Actually that is what I meant, it didn’t come out quite right.

@CapriRacer
This is what I had guessed, but I didn’t have great faith in my theory. So what exactly is happening in the tire to change the circumference, is that known? Is it as simple as less deformation at the road surface?

It’s mostly the stretching of the tire as it is pressurized.

@Capriracer
Obviously a change in as much as .5 inches, which is very significant in tread wear makes very little difference in the actual circumference…but it does make a difference. On the order of less then 2 inches arithmetically which is hardly recognizable in your tests as the circumference of the actual tire tries not to change like a dozer track. But, over a mile with an arithmetic difference of 130 plus linear feet and with a tire circumference that tries to remain constant, there will be squirming as the tire circumference cannot complete it’s actual circumference under the force of this arithmetic difference. The rim will not allow it. So, there will be some slight but significant loss of circumference IMO.

We discussed this before and though I agree that the difference is much less then most would even be concerned about in your utube presentation there is a difference as evenTire Rack and every car tire manufacturer and maker of every awd car will stipulate. How much depends upon the tire and a multitude of other factors. But the fact remains…all awd system manufacturers recognize the stress it adds to the system over time with wear differences. There is some change and traveling at 60 mph vs a demo at much lower speeds would elicit this change enough to cause greater problems which affect drive train components AND milage more then your near static test.

So , call it squirm if you will, but just calling it tire stretching with no affect is incorrect. The tire will not stretch 130 feet over a mile. And my point is "not as much as what people think " does mean it’s insignificant as the dynamics of high speed travel amplify this small difference. It happens similarly with balancing a tire when very little weight means nothing at low speeds but can shake everyone silly and cause big problems with everything at higher speeds.

So for me, it is very small, but it IS VERY significant !

"@CapriRacer
This is what I had guessed, but I didn’t have great faith in my theory. So what exactly is happening in the tire to change the circumference, is that known? Is it as simple as less deformation at the road surface?

If you mean why is the circumference not pi times the diameter - The best guess I have is that the belt is acting like a tank track. A tank track has the same “circumference” regardless of how it is distorted - and it doesn’t matter how much tread the track has, the length of the track is the length - even when moving.

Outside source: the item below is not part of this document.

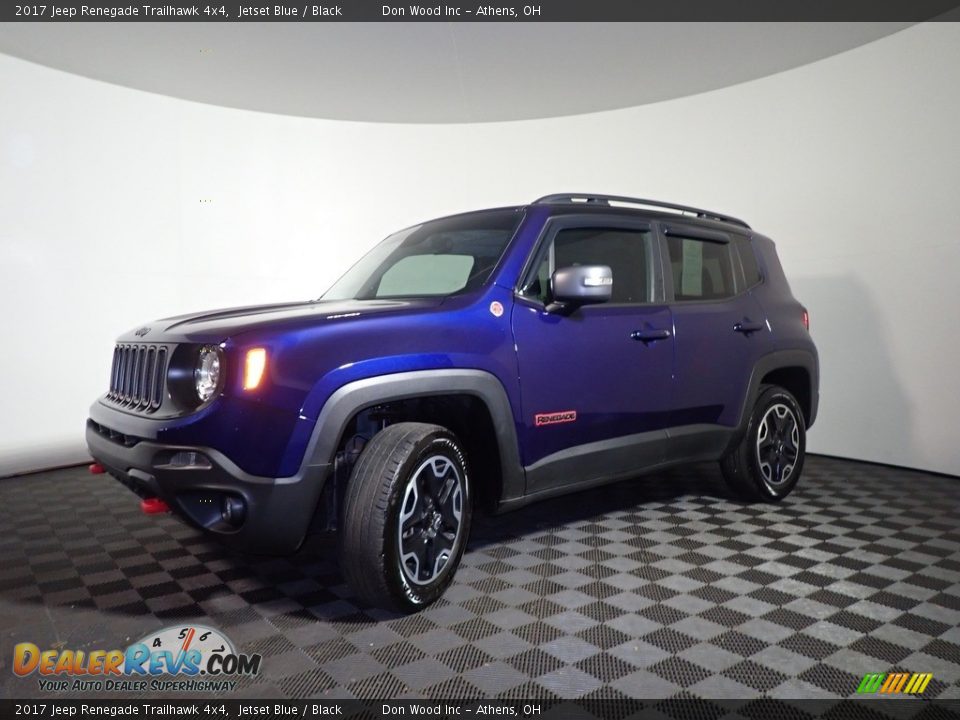 2017 Jeep Renegade Trailhawk 4x4 Jetset Blue / Black Photo #9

EXCEPT, that a tire’s belt isn’t completely inextensible like a tank track is. It can change. The phenomenon is called pantographing - where the steel belts act like parallelograms and change length and width. It doesn’t change much, but you can measure the difference.

That’s why differences in inflation pressure make a very slight difference in rolling circumference.

If lower pressure did not affect rolling circumference, my wheel-speed-sensor-based Tire Pressure Monitoring System would not work. And it DOES work. I can testify to that just as surely as I can testify to the fact that sheetrock screws can cause slow leaks.

And, to quote Red Green, “going faster on a flat tire will NOT produce enough centrifugal force to make it round again…”

Re: the physicist’s comment to his missus; yes, worn out tires can improve gas mileage because they can have lower rolling resistance. But they do so at the expense of safety…they also have less traction on wet surfaces and can be more subject to road damage.